Web page caption snippets:
-------

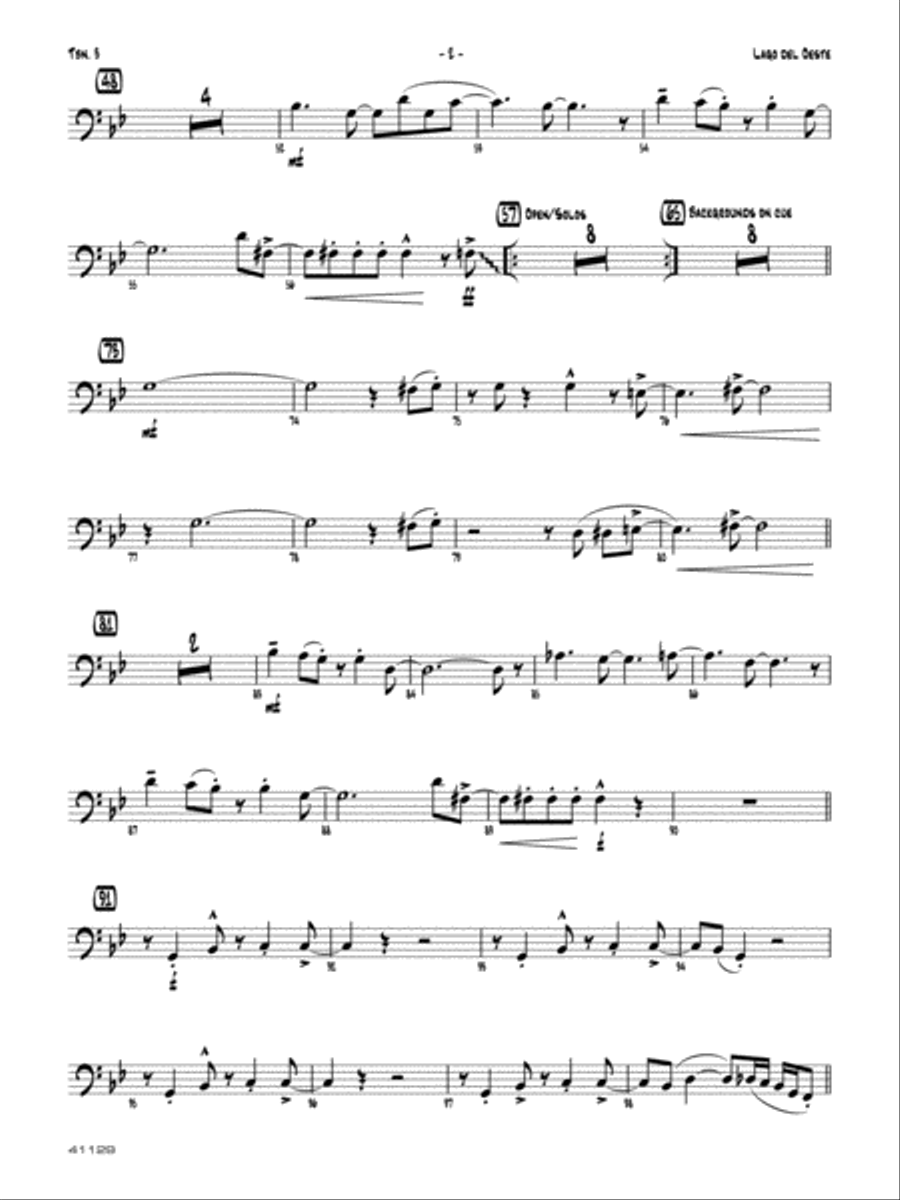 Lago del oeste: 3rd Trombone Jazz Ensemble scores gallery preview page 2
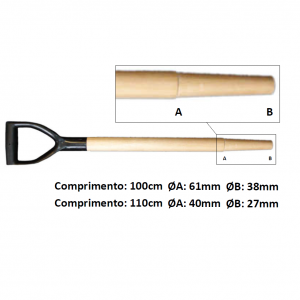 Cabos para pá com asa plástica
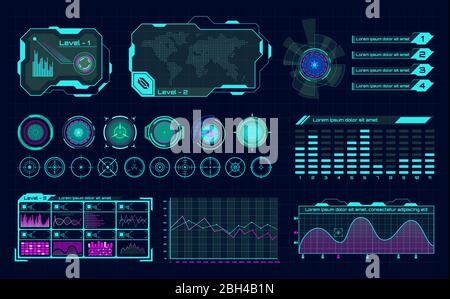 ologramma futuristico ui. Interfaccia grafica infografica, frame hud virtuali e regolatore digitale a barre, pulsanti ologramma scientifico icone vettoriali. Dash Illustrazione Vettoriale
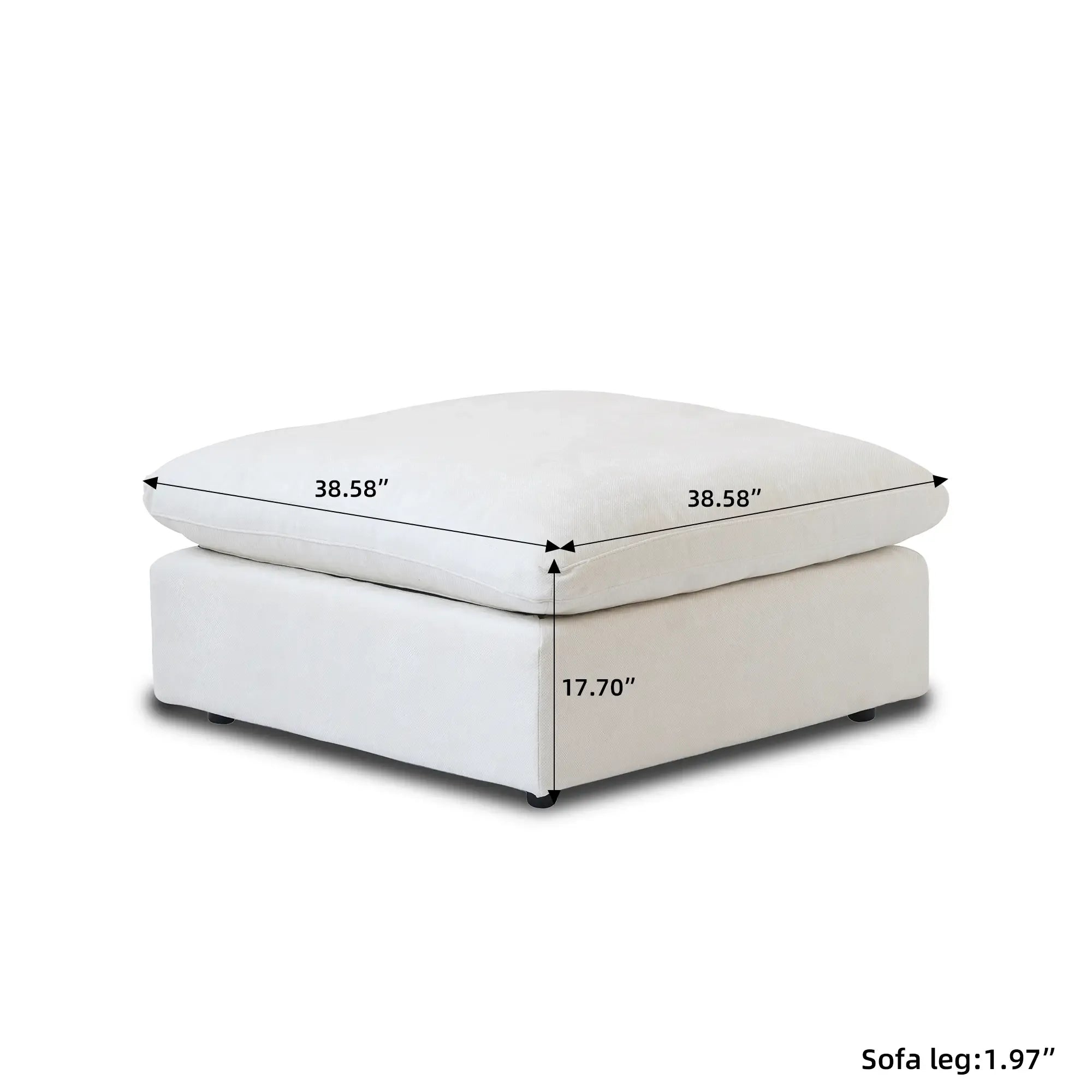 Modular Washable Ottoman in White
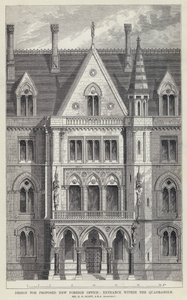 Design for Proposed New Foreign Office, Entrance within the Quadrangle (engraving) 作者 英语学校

-------

- [Work order]
Start at the line holding "ologramma futuristico ui." and stop at the last line of the entries above. Repeat those lines exactly, pictures excluded.

- [Your response]
 ologramma futuristico ui. Interfaccia grafica infografica, frame hud virtuali e regolatore digitale a barre, pulsanti ologramma scientifico icone vettoriali. Dash Illustrazione Vettoriale
 Modular Washable Ottoman in White
 Design for Proposed New Foreign Office, Entrance within the Quadrangle (engraving) 作者 英语学校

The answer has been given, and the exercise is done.